[Day7] 擷取靜態HTML網頁資料2_HTML標籤定位

2022 iThome 鐵人賽

DAY 7

自我挑戰組

用Python學習網路爬蟲30天系列第 7 篇

14th鐵人賽

rouanchen

2022-09-21 21:27:21

965 瀏覽

分享至

HTML標籤定位

在搜尋HTML網頁時，可以使用BeautifulSoup中的find()函數來找出指定的HTML 標籤。此函數傳回的值是”第一個”符合條件的HTML標籤，若沒有找到指定標籤會回傳None。

find()函數內可以使用四個參數，如下:

name參數:指定搜尋的標籤名稱
attribute參數:搜尋條件的HTML標籤屬性
recursive參數:布林值為True會搜尋包含所有的子孫標籤；布林值為False只會搜尋下一層子標籤
text參數:指定搜尋的標籤字串內容

BeautifulSoap的find_all()函數可以搜尋HTML網頁找出”所有”符合條件的HTML標籤。

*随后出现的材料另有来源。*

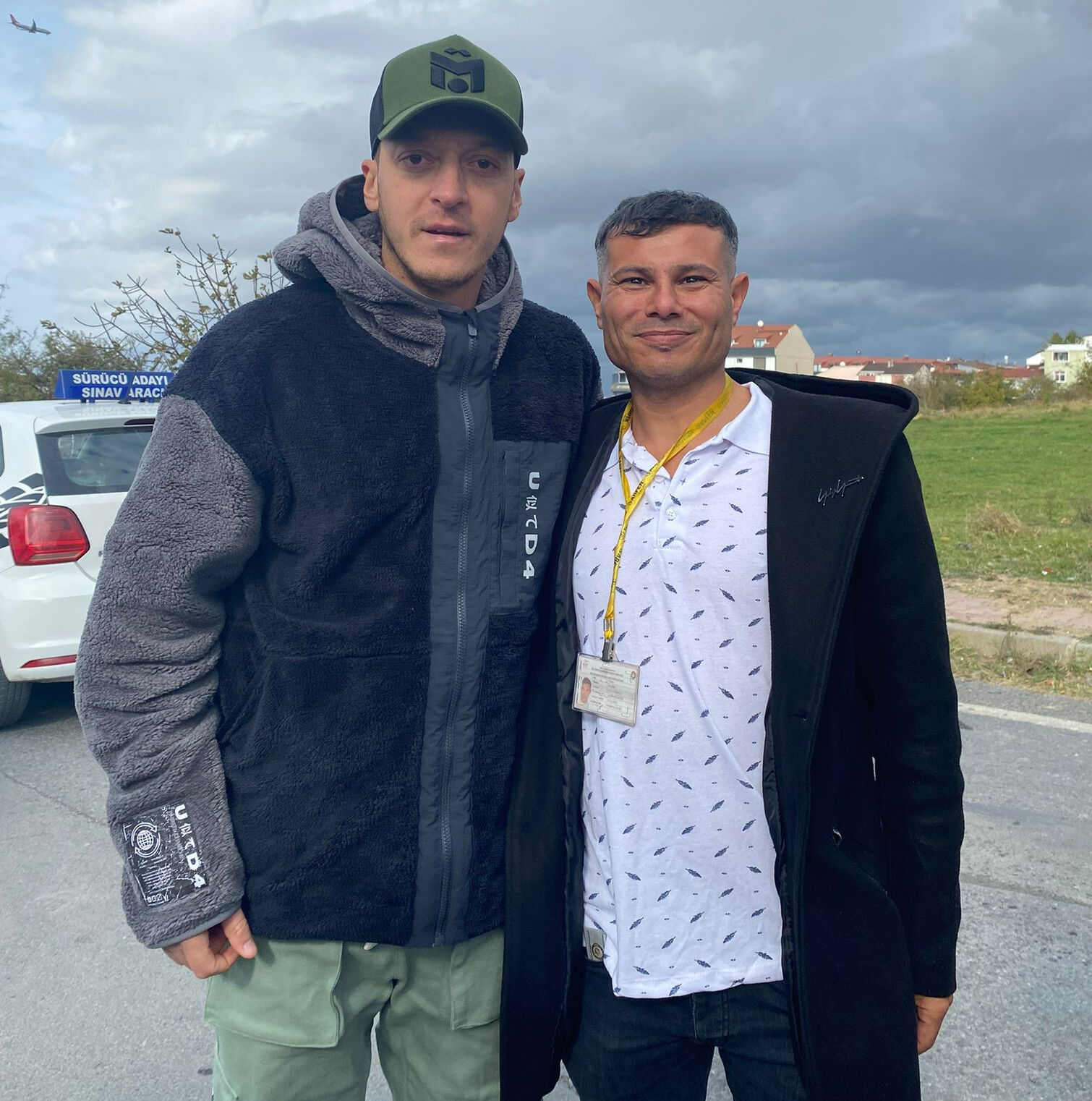 Mesut Özil ehliyet sınavına girdi! Görenler gözlerine inanamadı Mesut Özil ehliyet sınavına girdi! Görenler gözlerine inanamadı - 2. Resim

find_all()函數內可以使用五個參數，前四個參數和find()函數相同，如下:

name參數:指定搜尋的標籤名稱
attribute參數:搜尋條件的HTML標籤屬性
recursive參數:布林值為True會搜尋包含所有的子孫標籤；布林值為False只會搜尋下一層子標籤
text參數:指定搜尋的標籤字串內容
limit參數:指定搜尋標籤的最大值

實作練習

使用標籤名稱搜尋HTML標籤:在FJU_website.html中找出標籤中的內容

from bs4 import BeautifulSoup 

with open("FJU_website.html", "r", encoding="utf8") as fp:
soup = BeautifulSoup(fp, "lxml")

tag_a = soup.find("a") # 搜尋<a>標籤
print(tag_a.string)

搜尋HTML標籤的class屬性

from bs4 import BeautifulSoup

with open("FJU_website.html", "r", encoding="utf8") as fp:
soup = BeautifulSoup(fp, "lxml")
# 使用class屬性搜尋<li>標籤, 和之下的<span>標籤
tag_li = soup.find(attrs={"class": "right"})
tag_h4 = tag_li.find("h4")
print(tag_h4.string)

搜尋HTML標籤的文字內容

from bs4 import BeautifulSoup 

with open("FJU_website.html", "r", encoding="utf8") as fp:
soup = BeautifulSoup(fp, "lxml")
# 使用文字內容來搜尋標籤
tag_str = soup.find(text="天主教輔仁大學介紹")
print(tag_str)
tag_str = soup.find(text="在台復校60周年 歷史回顧")
print(tag_str)
print(type(tag_str))        # NavigableString型態
print(tag_str.parent.name)  # 父標籤名稱

搜尋所有標籤:在FJU_website.html找出所有左半邊的標籤

from bs4 import BeautifulSoup 

with open("FJU_website.html", "r", encoding="utf8") as fp:
soup = BeautifulSoup(fp, "lxml")
# 找出左半邊的文字內容
tag_list = soup.find_all("section", class_="left")
print(tag_list)

for left in tag_list:
    print(left.p.string)